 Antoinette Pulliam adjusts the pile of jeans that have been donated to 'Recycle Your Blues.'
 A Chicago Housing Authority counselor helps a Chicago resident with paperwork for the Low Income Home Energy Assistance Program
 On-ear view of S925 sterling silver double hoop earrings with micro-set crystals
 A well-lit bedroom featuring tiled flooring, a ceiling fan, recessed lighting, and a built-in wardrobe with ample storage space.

---

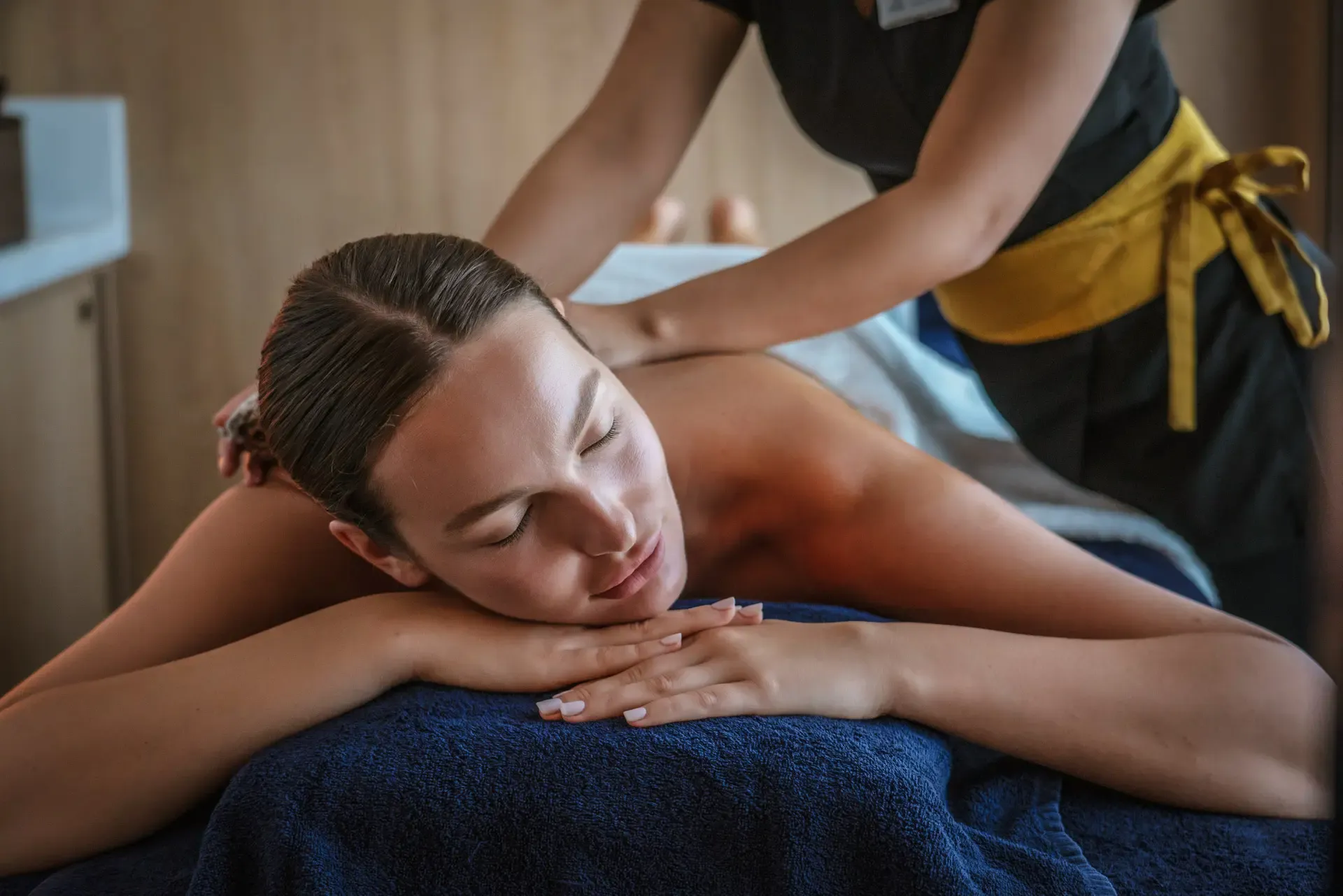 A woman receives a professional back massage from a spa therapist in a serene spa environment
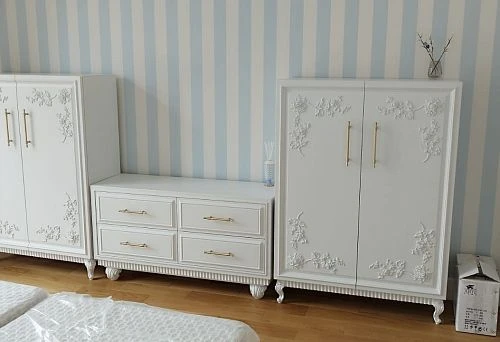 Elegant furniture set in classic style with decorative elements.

* What to do *
Print exactly, with no pictures, the lines above from the one that holds "A woman receives" through the one that holds "Elegant furniture set", both of them included.

* Response area *
 A woman receives a professional back massage from a spa therapist in a serene spa environment
 Elegant furniture set in classic style with decorative elements.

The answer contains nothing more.